I have a shaky history with improv. It’s something I have always been able to do for a little while, but the better I get, the more I think. And the more I think, the worse I become at improv.
That quality has led to some of my highest highs and most debilitating lows, so I was a bit traumatized to start Don’t Think Twice. Not only that, but a lot of films have suffered by relying on the improvization of their leading actors, so I was worried I wouldn’t like it.
Boy, was I relieved. Don’t Think Twice is one of the best films this year, capable of building me up and tearing me apart at the same time, an absolute gem.

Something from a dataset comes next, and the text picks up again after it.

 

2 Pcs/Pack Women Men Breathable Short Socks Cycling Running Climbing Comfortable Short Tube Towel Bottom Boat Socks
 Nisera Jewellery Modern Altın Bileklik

It centers on The Commune, a group of improv comedians that learn their theater is going to be shut down. They all want to be on Weekend Live (basically SNL), but only two of them get auditions. One of them (Keegan-Michael Key) gets the job, and the other (Gillian Jacobs) does not, and then the rest try to make sense of their changing lives. Improv is everything to them, so they can’t just give up. Jack (Key) really wants to help his friends out, but they all realize he might have to leave them behind.

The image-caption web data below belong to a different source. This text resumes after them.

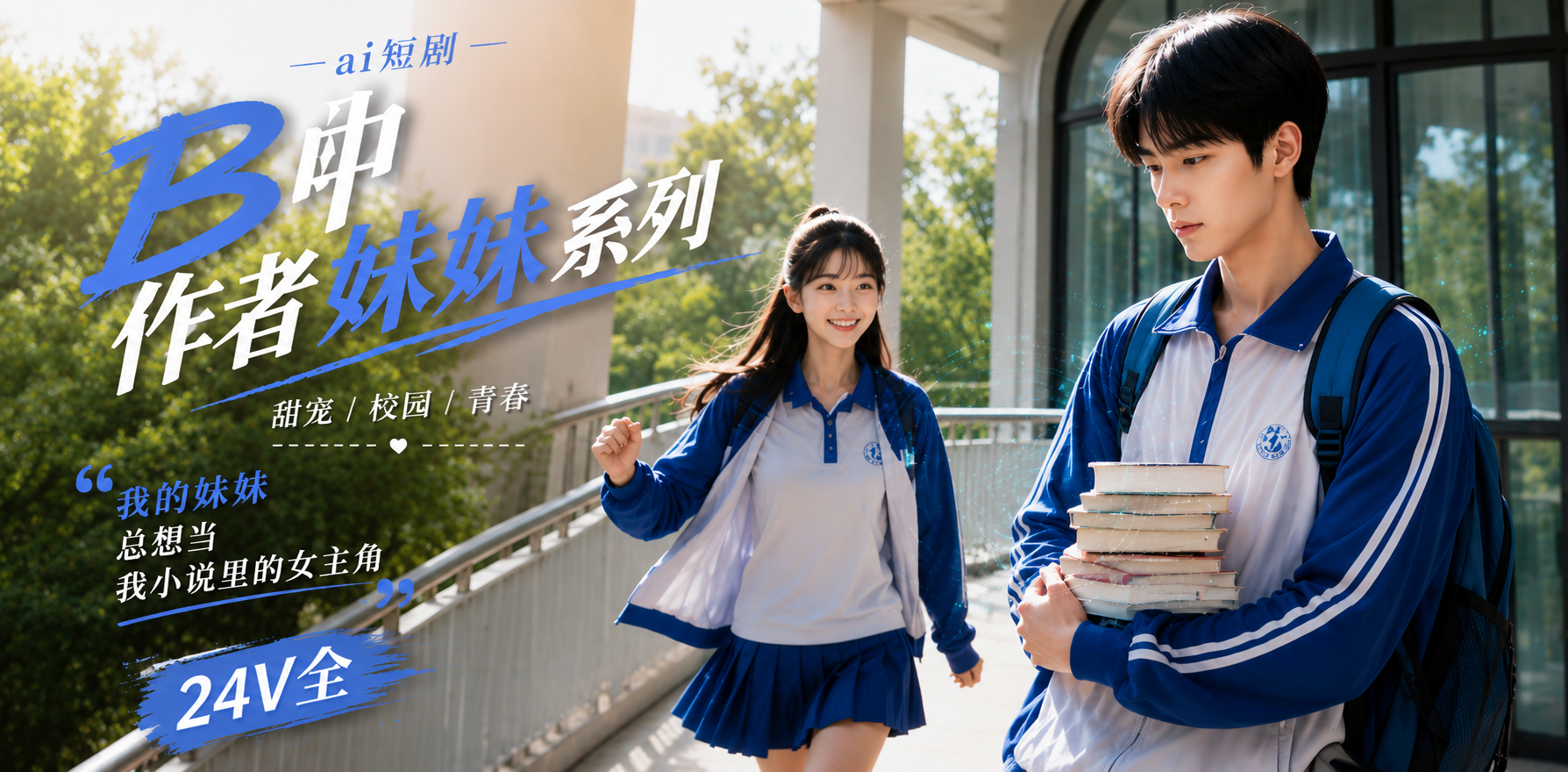 B中妹妹系列 高中爱情故事 校园恋人亲密 ai短剧 校园情欲故事 妹妹缠绵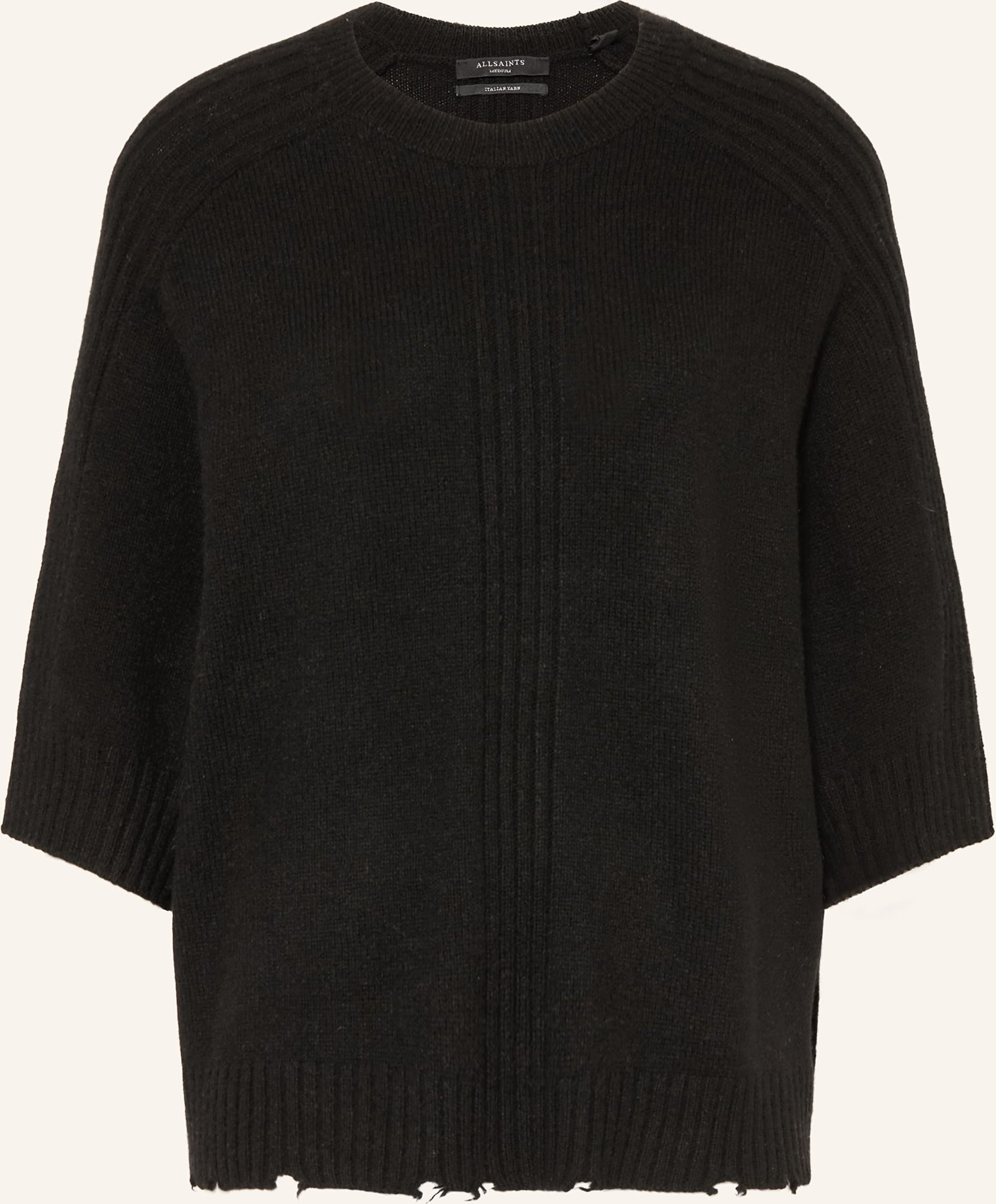 Allsaints Strickshirt Nix Aus Cashmere schwarz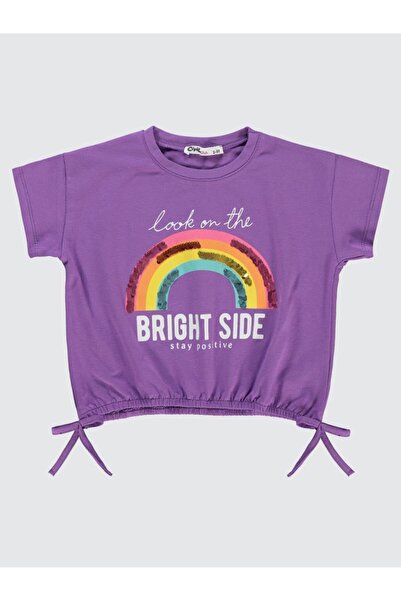 Civil Girls Kız Çocuk Tişört 2-5 Yaş Mor Girdap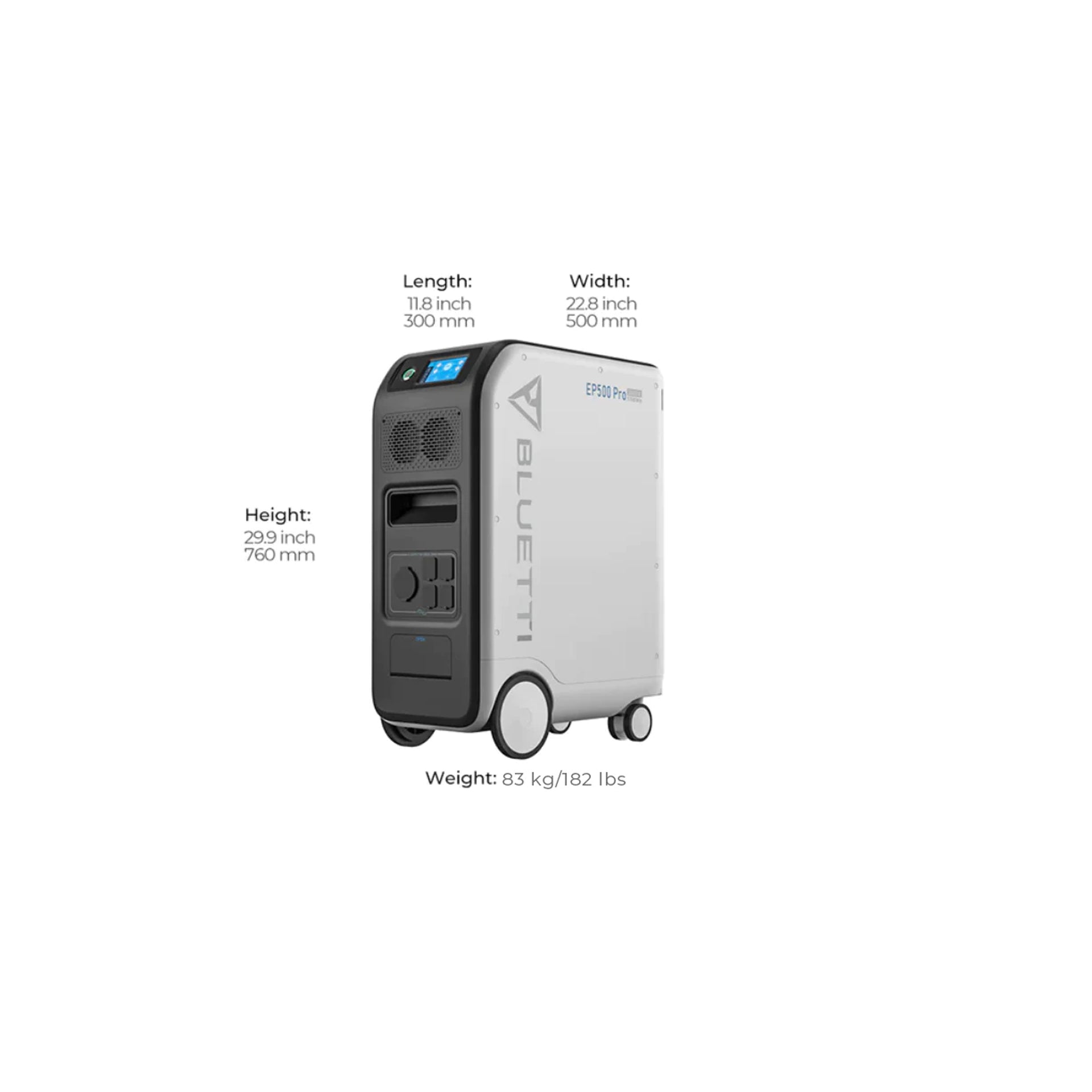 Bluetti Ep500p Ups Home Backup Power Station | 3000w (6000w Surge) 5100wh | Formula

I’m almost crying just thinking about it. I know these are actors and the story is fictional, but I just want it to work out so badly for them. As heartbreaking as this film can be, it’s also really heartwarming (and funny), and I just want to wrap it around me like a blanket.

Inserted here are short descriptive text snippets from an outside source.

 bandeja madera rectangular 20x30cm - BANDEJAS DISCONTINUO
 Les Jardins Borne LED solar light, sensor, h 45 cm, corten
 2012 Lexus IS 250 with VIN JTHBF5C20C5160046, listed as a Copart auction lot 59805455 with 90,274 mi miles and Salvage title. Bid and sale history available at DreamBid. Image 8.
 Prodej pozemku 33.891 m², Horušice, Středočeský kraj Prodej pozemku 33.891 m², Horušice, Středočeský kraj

Ultimately, this film is about a lot of things. It’s about success, of course, and what that can do to relationships. But it’s also about something else. Not all of us are going to succeed—likely a small fraction of us will—but we don’t all have the same dreams. Failure to one person might be success or contentment to someone else. People in love might not always stay together, even if they want to. Sometimes, you have to put yourself first, knowing that it’s not always a bad thing to do.
Please see this film. Please buy it, so you can watch it over and over again. It’s worth whatever you have to pay.
Don’t Think Twice is available on Blu-ray, DVD, and digital.